* _Supplied material_:

++++

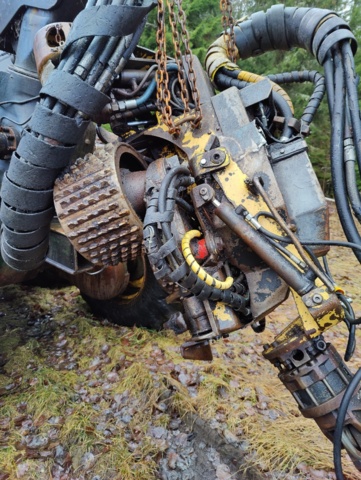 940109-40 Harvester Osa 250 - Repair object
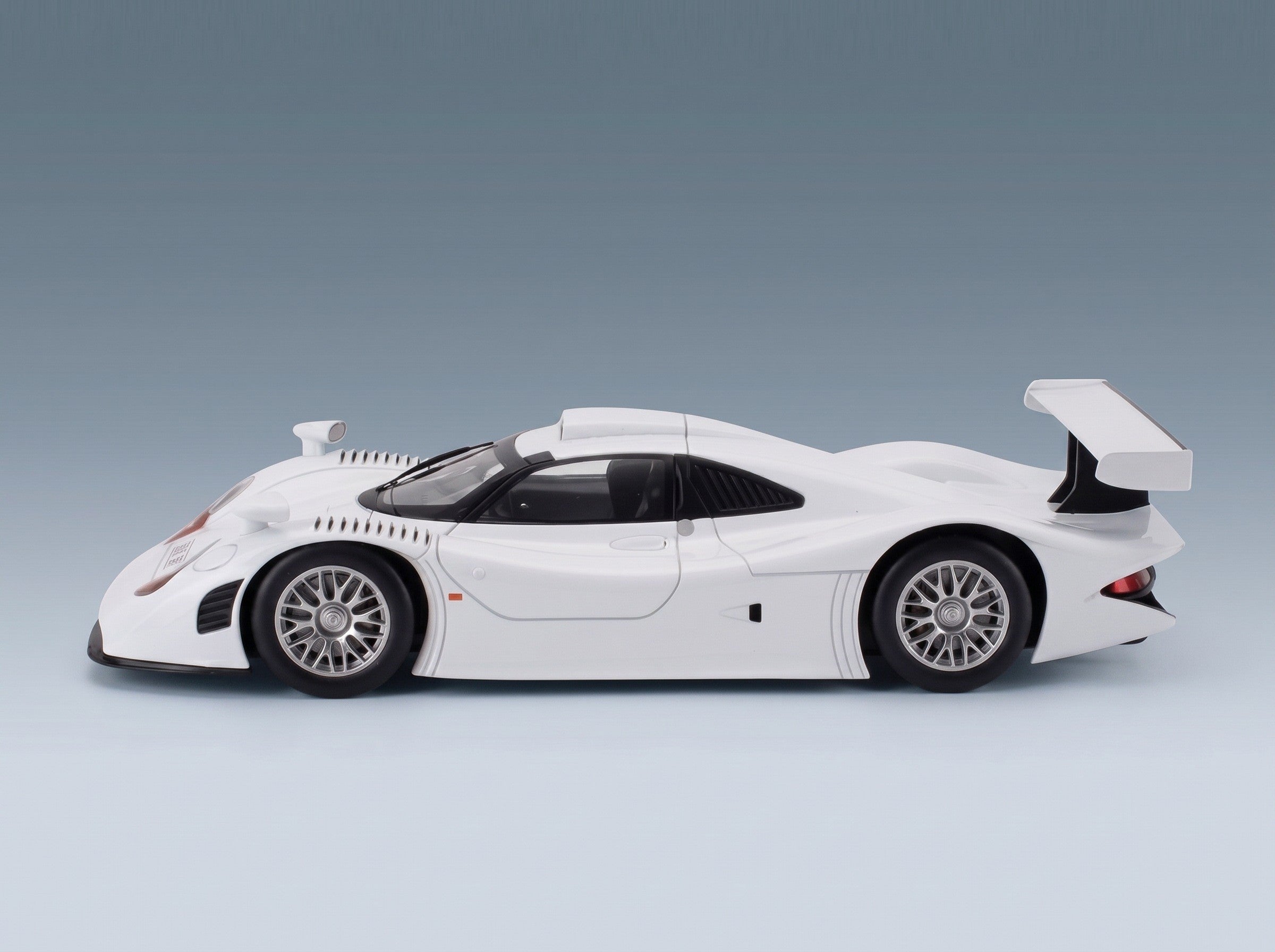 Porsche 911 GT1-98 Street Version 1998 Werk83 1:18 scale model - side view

++++

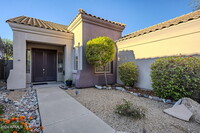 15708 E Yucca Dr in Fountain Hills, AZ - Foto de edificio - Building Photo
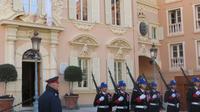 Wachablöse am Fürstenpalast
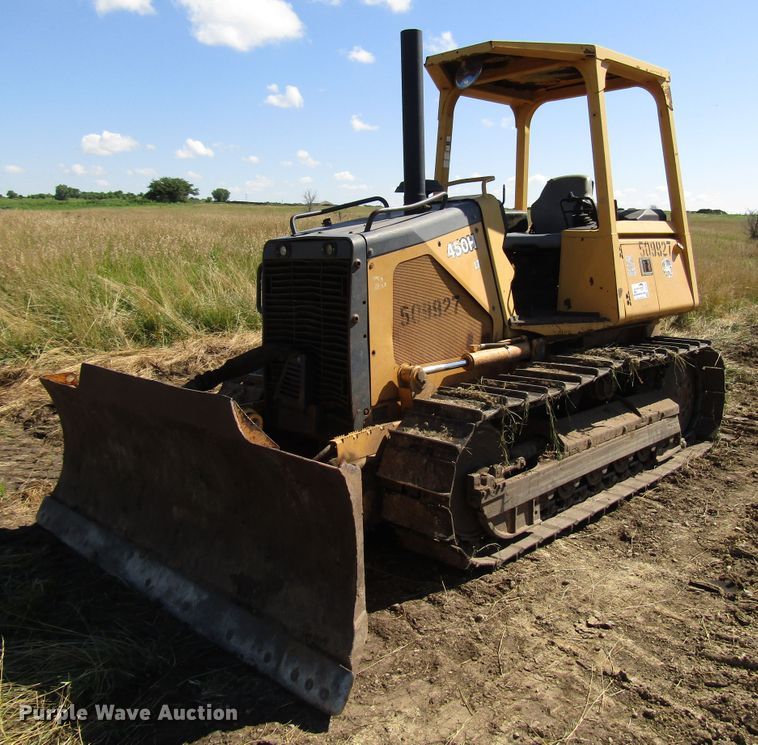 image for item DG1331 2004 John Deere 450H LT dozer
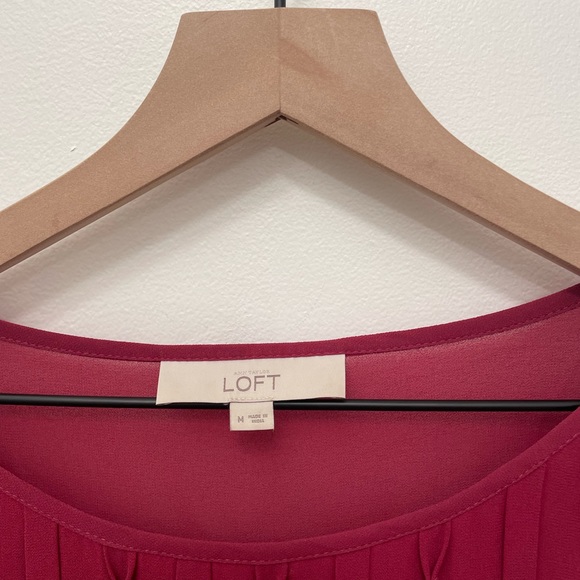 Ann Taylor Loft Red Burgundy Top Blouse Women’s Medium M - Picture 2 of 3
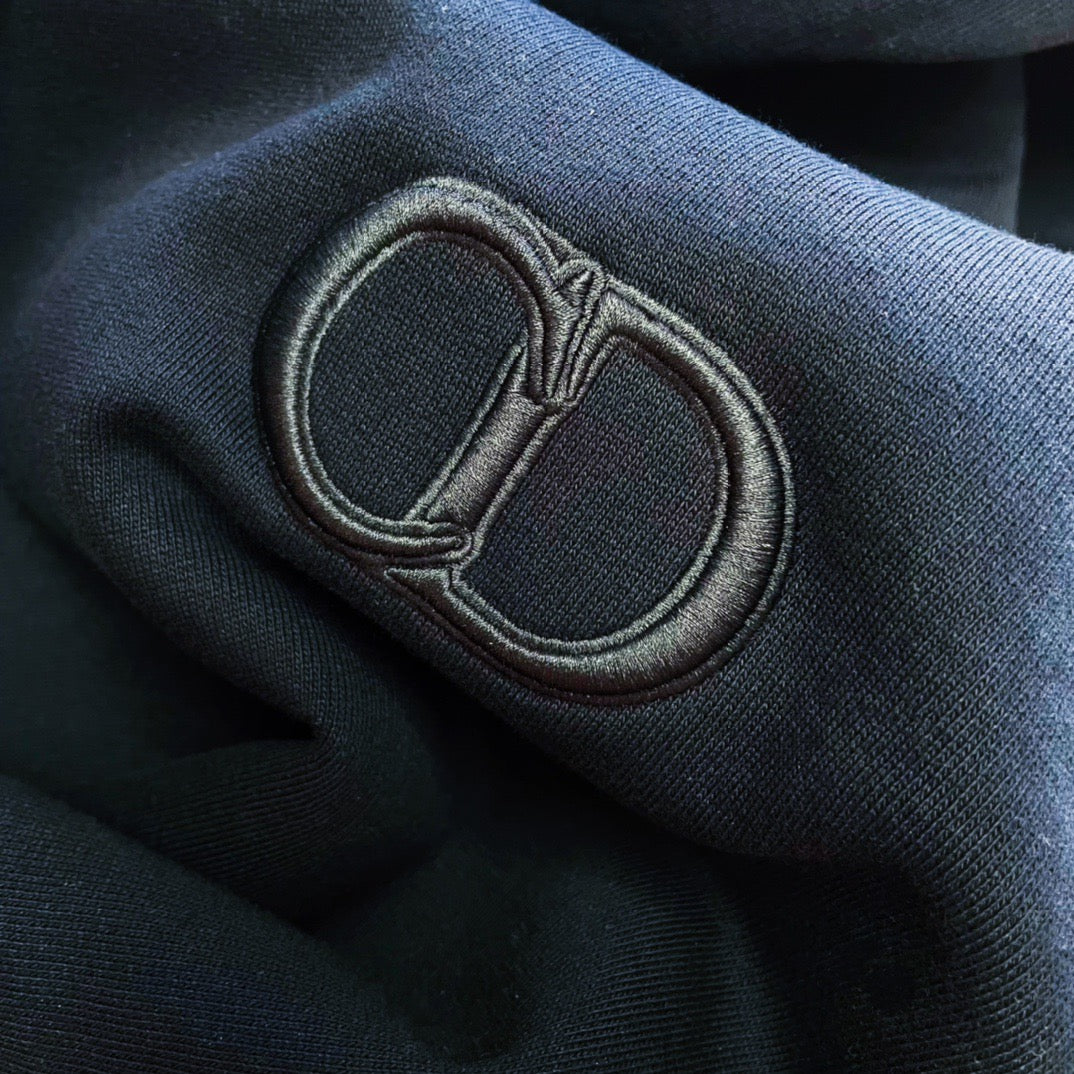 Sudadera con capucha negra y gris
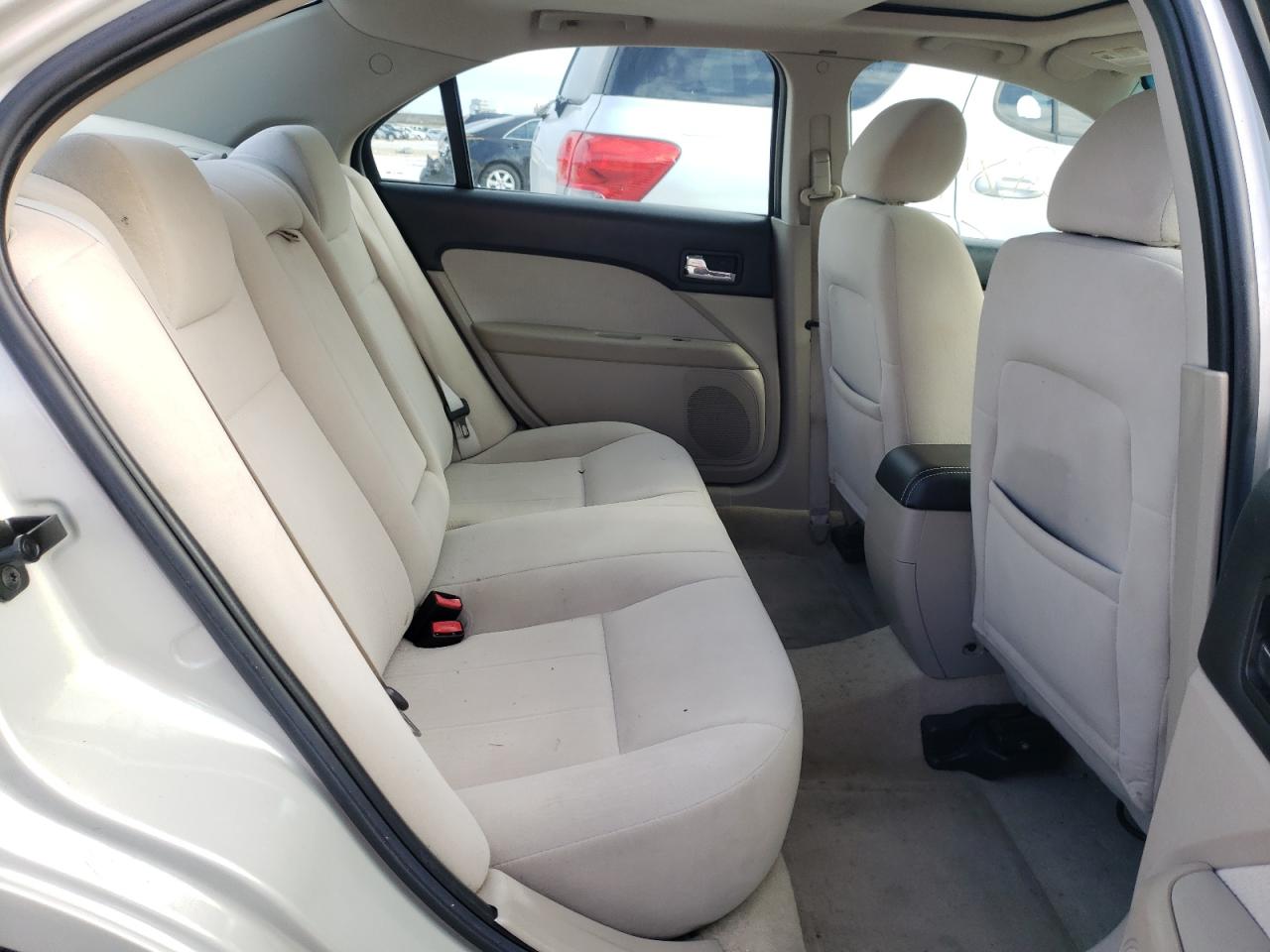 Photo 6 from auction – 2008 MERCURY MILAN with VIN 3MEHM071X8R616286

++++

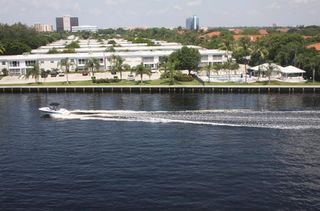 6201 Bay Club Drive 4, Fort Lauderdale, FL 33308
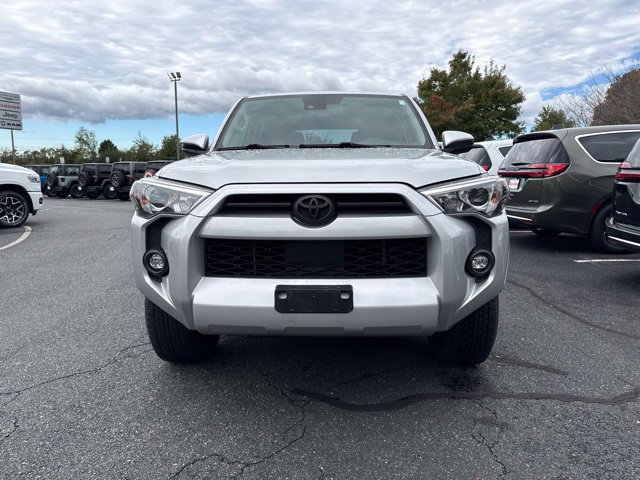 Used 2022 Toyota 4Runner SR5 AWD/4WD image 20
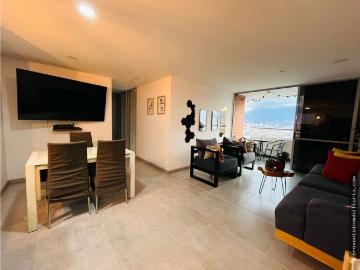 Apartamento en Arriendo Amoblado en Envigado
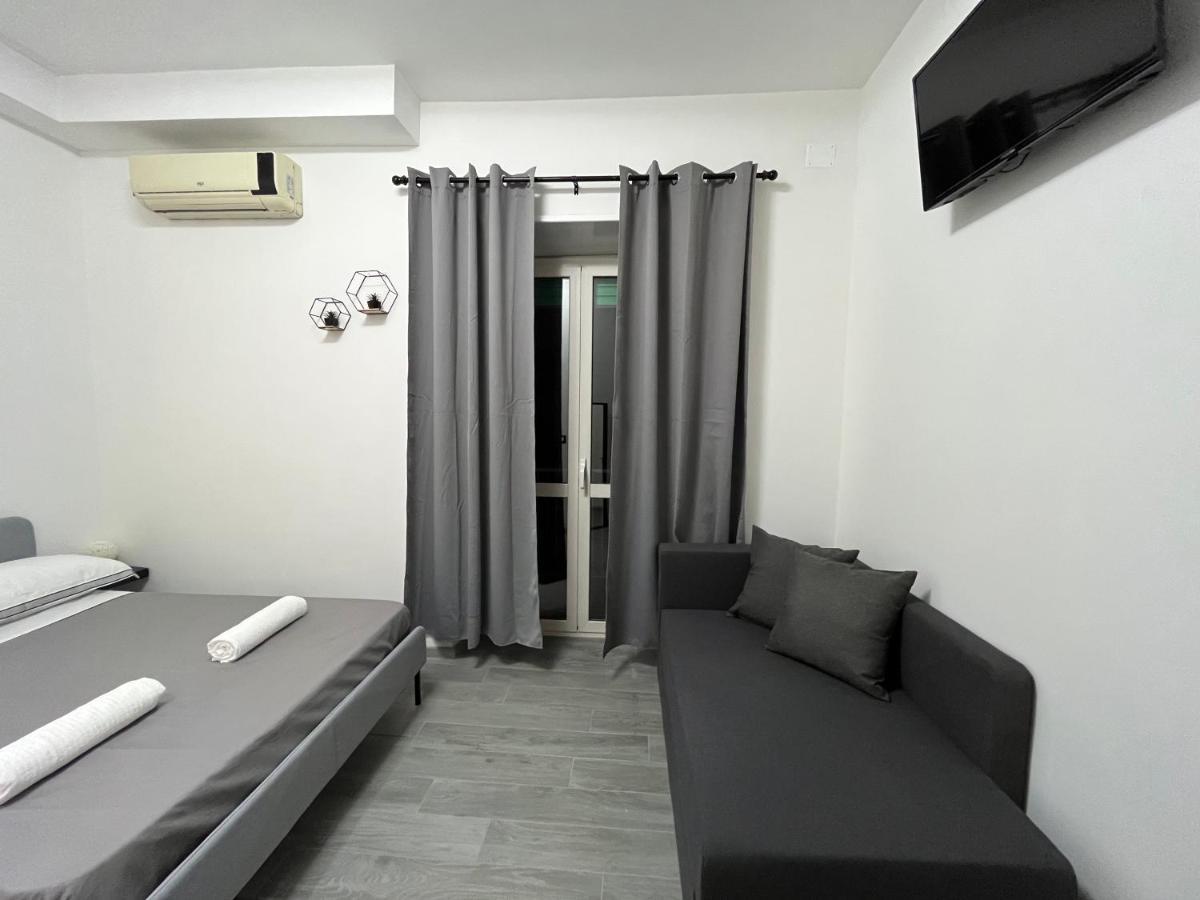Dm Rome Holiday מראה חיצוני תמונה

++++

* _Exercise description_:
Nothing but the lines above from the line with "940109-40 Harvester Osa 250 - Repair object" up to and including the line with "Porsche 911 GT1-98" should be returned, exactly as written and without pictures.

* _Reply to the exercise_:
 940109-40 Harvester Osa 250 - Repair object
 Porsche 911 GT1-98 Street Version 1998 Werk83 1:18 scale model - side view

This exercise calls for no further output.